Background & Motivation¶
- Background: Real-world image super-resolution (Real-ISR) must handle complex and unknown degradations. Early CNN-based methods (L1/L2 losses) produce over-smoothed textures, while diffusion models improve perceptual quality but generalize poorly under standard SFT on unseen degradations, lacking direct optimization mechanisms aligned with human aesthetic preferences.
- Limitations of Prior Work: Existing IQA metrics as RL rewards suffer fundamental drawbacks: full-reference (FR) metrics are inapplicable in real-world scenarios without ground truth, while no-reference (NR) metrics lack fine-grained sensitivity to distinguish subtle differences among generative SR outputs. Naively combining FR and NR metrics linearly ignores the varying degrees of input degradation. Offline RL methods (e.g., DPO) face a "pseudo-diversity" problem: SR outputs sampled via different noise seeds collapse into random texture hallucinations rather than genuine structural diversity under strong spatial constraints, limiting preference alignment.
- Key Challenge: The absence of a process-aware, quality-adaptive reward model and an online exploration strategy capable of overcoming the pseudo-diversity bottleneck.
Core Problem¶
How to design a process-aware, quality-adaptive reward model and an online exploration strategy that breaks the pseudo-diversity bottleneck, enabling effective alignment of generative Real-ISR models with human visual preferences.
Method¶
Overall Architecture¶
OARS consists of two core components: (1) the COMPASS reward model—an MLLM-based process-aware scorer that evaluates fidelity preservation and perceptual gain during LR→SR conversion; and (2) a progressive online RL framework—comprising cold-start SFT, full-reference RL, and no-reference RL stages, with shallow LoRA optimization on the base model to enable on-policy exploration.
Key Designs¶
-
COMPASS-20K Dataset and Three-Stage Annotation Pipeline:
- Constructs 2,400 input images (800 synthetic DIV2K LR + 1,600 real LQ images), processed by 12 SR algorithms to yield 28,800 LR-SR pairs.
- Fidelity annotation: On the synthetic subset, DISTS(SR, GT) distances are normalized to \([0, 1]\).
- Perceptual quality gain annotation (three stages):
- Stage 1 — Global anchor scoring: Q-Insight independently scores LR and SR images to obtain globally comparable quality scores.
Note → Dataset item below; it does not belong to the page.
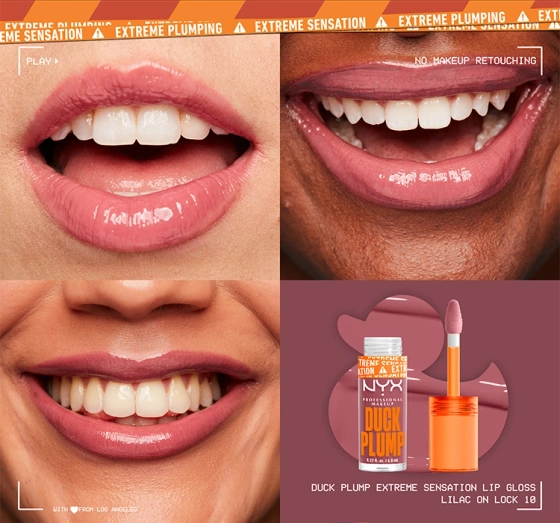 NYX Professional Makeup Duck Plump powiększający błyszczyk do ust 10 Lilac on Lock 6,8 ml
- Stage 2 — Intra-group ranking: A dedicated pairwise comparison model (trained on DiffIQA) exhaustively compares all SR outputs for the same LR input and aggregates results into a continuous ranking score \(r \in [0, 1]\).
- Stage 3 — Ranking-guided calibration: Linear calibration (via least-squares estimation of \(\alpha^*\) and \(\beta^*\)) aligns intra-group rankings with the global scale.
- Qwen3-VL-32B generates explanatory text descriptions; manual inspection removes conflicting samples in the top/bottom 5%.
-
COMPASS Reward Function — Input Quality-Adaptive Mechanism:
- Full-parameter SFT on QwenVL-8B jointly predicts fidelity \(F\), input quality \(Q_{LR}\), and output quality \(Q_{SR}\).
- Reward formula: \(R = F \cdot Q_{LR} + F^{Q_{LR}/\gamma} \cdot \Delta Q\), where \(\Delta Q = Q_{SR} - Q_{LR}\) and \(\gamma = 7\).
- The first term \(F \cdot Q_{LR}\) measures preservation of original quality; the second term uses the exponent \(Q_{LR}/\gamma\) to realize adaptive control.
- High-quality input → large exponent → high sensitivity to fidelity degradation → conservative enhancement encouraged; low-quality input → small exponent → relaxed fidelity constraint → greater perceptual improvement permitted.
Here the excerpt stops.